Вот как решительно и трезво даже на краю гибели, всего за пятьдесят дней до полного краха Третьего рейха Геббельс и Гитлер защищали Красную Армию от невежественной клеветы завзятого русского патриота Солженицына.
Впрочем, Гитлер шел еще дальше.
«Учиться у русских!..»
Выступая 28 декабря 1944 года перед командирами дивизий Западного фронта, Адольф пребывал в состоянии изрядного восторга в связи с успехом наступления в Арденнах и говорил даже такое: «Если оценивать военную мощь любой из противостоящих нам держав изолированно, будь то Россия, Англия или Америка, то сомнений быть не может: с каждым из этих государств мы бы разделались один на один в мгновение ока».
Из этой похвальбы уж очень хорошо видно, в состояние какого опьянения впал Гитлер по причине даже кратковременного успеха. И вот, несмотря на такую-то восторжен-но-хмельную эйфорию, он, отметив, что наступление в Арденнах «развивалось не так стремительно, как нам бы этого хотелось», признал: «Нужно в этой области учиться у русских». Приведя далее цифры, из коих следует, как успешно действует наша армия малым числом против превосходящих сил немцев, Гитлер снова повторил: «У русских действительно есть чему поучиться».
Правда, это не помешало ему буквально через несколько дней, 9 января 1945 года, на совещании в ставке, сопоставляя действия немецкого командования в блаженной памяти 1941 году с действиями советского командования в 1945-м, сказать: «Мы за короткое время парализовали их коммуникации. А противник на это не способен. У них нет организующего начала, нет вообще никакой организации людей».
Генералы крайне редко решались возражать своему фюреру.

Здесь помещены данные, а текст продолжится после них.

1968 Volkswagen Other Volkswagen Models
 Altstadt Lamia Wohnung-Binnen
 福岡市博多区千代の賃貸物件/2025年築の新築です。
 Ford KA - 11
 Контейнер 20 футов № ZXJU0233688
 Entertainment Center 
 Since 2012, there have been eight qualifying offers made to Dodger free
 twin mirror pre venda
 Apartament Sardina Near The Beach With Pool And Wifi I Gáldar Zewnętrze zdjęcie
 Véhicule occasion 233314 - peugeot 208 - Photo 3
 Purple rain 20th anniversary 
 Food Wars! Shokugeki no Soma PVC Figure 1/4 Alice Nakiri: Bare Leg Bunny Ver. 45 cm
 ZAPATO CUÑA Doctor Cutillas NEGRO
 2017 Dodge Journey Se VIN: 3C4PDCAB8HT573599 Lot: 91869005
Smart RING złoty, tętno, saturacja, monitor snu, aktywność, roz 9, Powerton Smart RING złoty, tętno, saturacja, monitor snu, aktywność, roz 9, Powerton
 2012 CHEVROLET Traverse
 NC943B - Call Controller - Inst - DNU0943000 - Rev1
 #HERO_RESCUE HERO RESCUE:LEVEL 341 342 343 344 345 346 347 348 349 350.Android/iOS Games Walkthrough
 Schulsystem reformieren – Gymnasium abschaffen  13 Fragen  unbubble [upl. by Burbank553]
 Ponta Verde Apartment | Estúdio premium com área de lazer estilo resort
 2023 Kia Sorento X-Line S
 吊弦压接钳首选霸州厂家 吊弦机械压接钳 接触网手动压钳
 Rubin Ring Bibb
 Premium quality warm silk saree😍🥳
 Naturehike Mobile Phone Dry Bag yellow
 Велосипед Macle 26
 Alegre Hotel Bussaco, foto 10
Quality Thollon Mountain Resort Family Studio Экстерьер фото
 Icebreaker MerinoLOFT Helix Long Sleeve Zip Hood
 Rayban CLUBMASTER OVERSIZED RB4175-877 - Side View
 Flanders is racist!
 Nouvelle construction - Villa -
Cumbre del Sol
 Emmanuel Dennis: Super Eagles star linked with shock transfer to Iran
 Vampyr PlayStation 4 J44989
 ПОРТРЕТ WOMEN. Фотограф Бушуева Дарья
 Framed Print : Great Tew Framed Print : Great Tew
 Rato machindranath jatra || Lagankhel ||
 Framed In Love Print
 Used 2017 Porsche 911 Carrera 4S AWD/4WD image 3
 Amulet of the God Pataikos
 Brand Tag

Но сейчас в словах Гитлера о неспособности русских была такая вопиющая самоуспокоительная ложь, такая страусиная слепота, что генерал Гудериан, ставший недавно начальником генерального штаба сухопутных войск, не выдержал и решительно возразил: «Они распоряжаются отлично. Их люди в Венгрии (там западнее Будапешта и у озера Балатон шли тогда ожесточенные бои. — В.Б.) организуют дело хорошо и очень быстро». И тут произошла любопытнейшая вещь: под первым же напором реальных фактов Гитлер тотчас капитулировал, в ответ на реплику Гудериа-на он ни с того ни с сего воскликнул: «А как они выстояли в критический момент!». Хотел этим выразить согласие со своим начштабом, даже, как видно, поощрить за трезвость и смелость суждения, но несколько окольным путем. Однако быстроумный Гудериан сразу уловил недобросовестный маневр фюрера: при чем здесь стойкость русских («выстояли»!), когда речь шла об их организаторских способностях? И он, отстранив замаскированное заискивание Гитлера, продолжал твердить свое: «Они распоряжаются очень энергично, действуют очень быстро и очень решительно. Это надо признать». Тут уже был прямой, хотя и безымянный упрек. И что же Гитлер? Он сразу признает, что согласен с генералом именно по этому пункту, делает вид, что его просто не поняли. В ответ на «очень энергично», «очень быстро», «очень решительно» он заключает: «Поэтому, Гудериан (то есть, конечно же, дескать, очень, очень и очень! — В.Б.), я и настаиваю на том, чтобы мы шевелились побыстрее». Иначе говоря, немного побрыкавшись, Гитлер опять призвал учиться у русских. Словом, прозрел, да было уже поздно.
По воспоминаниям Артура Аксмана, деятеля организации «Гитлерюгенд», одного из самых близких к фюреру людей в последнюю пору его жизни, Гитлер сказал ему накануне своего самоубийства: «Мы не сумели оценить силу русских и все еще мерили их на старый лад».